As the free agency season nears its end, here’s the harsh reality for the rest of the NBA: The defending champions got better, too.
While the Houston Rockets were loading up by trading for Chris Paul to put him alongside James Harden, the Oklahoma City Thunder were landing Paul George as a Russell Westbrook co-star, and teams like the Minnesota Timberwolves (the Jimmy Butler trade) and the Denver Nuggets (Paul Millsap signing) were making significant strides at cutting that competitive gap, the Golden State Warriors were doing everything right in free agency – again.

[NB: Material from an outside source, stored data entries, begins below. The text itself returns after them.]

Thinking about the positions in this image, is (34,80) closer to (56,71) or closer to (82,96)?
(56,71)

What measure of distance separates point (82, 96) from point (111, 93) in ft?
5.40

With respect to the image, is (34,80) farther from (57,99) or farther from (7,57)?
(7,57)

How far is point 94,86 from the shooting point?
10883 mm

One year after the Warriors landed Kevin Durant and took their super team to a whole new level, it was Durant himself empowering the Warriors to get even better after they entered July with 10 free agents. Durant’s decision to take much less than a maximum salary contract this time around opened the door for all of it to happen, with the Finals MVP expected to sign a deal that starts around $25-26 million despite the fact that he could have demanded a starting salary of $34.5 million.

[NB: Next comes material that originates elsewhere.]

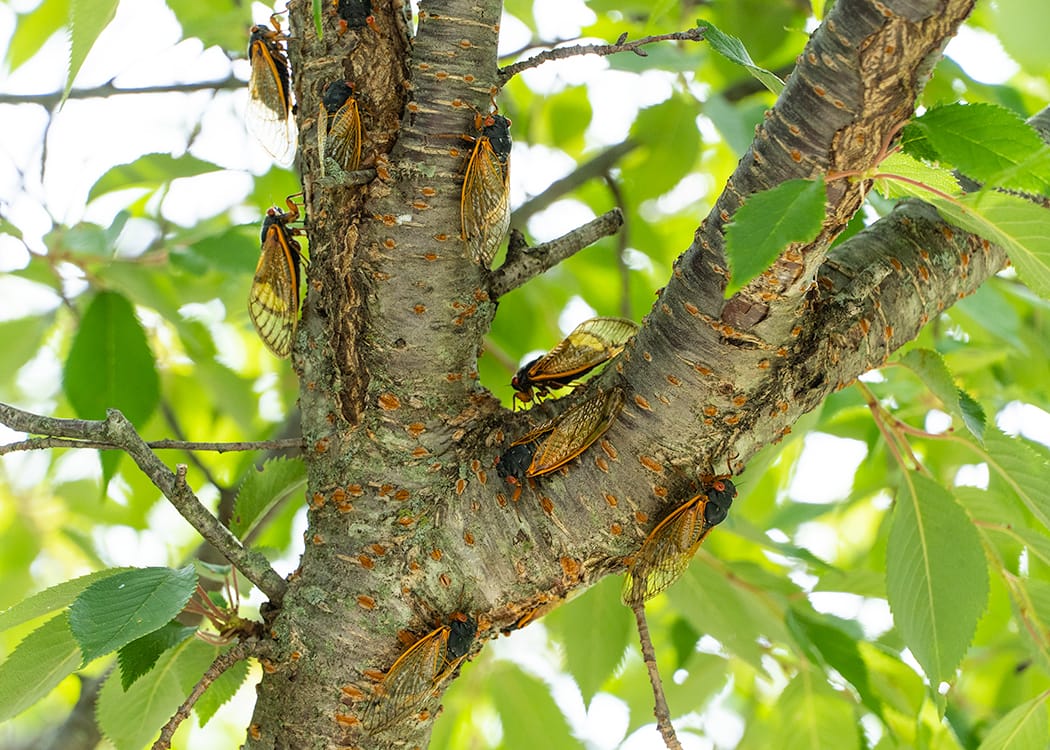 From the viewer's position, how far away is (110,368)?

That move allowed the Warriors to avoid losing super sixth man Andre Iguodala (three-year, $48 million deal) and key reserve point guard Shaun Livingston (three-years, $24 million). It led to the additions of bench scorers like Nick Young (one year, $5.2 million) and Omri Casspi (one-year minimum deal), with the expectation that center Zaza Pachulia will still be re-signed as well. Last but certainly not least, two-time MVP Stephen Curry agreed to sign a five-year, $201 million deal that includes no options and put him on track to be in The Bay until at least 2022.

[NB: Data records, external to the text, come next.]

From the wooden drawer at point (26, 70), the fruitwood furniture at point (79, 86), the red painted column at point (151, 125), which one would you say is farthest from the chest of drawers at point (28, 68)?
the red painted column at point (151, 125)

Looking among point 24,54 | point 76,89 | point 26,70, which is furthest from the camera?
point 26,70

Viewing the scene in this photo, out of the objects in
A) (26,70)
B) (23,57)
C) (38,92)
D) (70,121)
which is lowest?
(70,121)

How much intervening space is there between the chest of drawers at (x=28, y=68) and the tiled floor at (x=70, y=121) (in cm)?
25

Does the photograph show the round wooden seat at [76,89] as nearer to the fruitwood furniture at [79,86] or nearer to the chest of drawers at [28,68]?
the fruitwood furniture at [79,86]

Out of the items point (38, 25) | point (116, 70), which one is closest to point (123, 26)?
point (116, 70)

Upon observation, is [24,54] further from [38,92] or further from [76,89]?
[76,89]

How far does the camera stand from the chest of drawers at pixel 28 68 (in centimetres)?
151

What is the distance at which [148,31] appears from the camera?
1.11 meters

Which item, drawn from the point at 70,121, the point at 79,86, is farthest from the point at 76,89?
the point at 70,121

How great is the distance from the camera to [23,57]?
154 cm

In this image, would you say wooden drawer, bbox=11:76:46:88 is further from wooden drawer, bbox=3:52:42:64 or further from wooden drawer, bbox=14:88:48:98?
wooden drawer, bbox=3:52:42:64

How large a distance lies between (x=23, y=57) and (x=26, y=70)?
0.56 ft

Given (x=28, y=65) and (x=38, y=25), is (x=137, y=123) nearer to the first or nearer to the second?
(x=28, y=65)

But can any team in the West catch up by then? We shall see. They’re certainly trying.
Yes, the Paul trade comes with curious questions about Xs and Os. How will Harden and Paul fit together? How will coach Mike D’Antoni handle having two of the league’s best point guards, with egos like the rest of them to boot?
But general manager Daryl Morey and his staff didn’t stop with the blockbuster Paul trade, adding a tough and reliable big man in forward P.J. Tucker (four years, $32 million) while re-signing center Nene (three years, $11 million). The loss of point guard Pat Beverley to the Clippers in the Paul deal hurts, but Houston – which went 55-27 last season and fell to San Antonio in the second round of the playoffs – is even more in the hunt than before.
While the Warriors’ dominance is forcing rival teams to consider the kind of high-risk-high-reward moves that could cut the competitive gap, Thunder general manager Sam Presti found a way to improve without putting much on the line at all in the George deal.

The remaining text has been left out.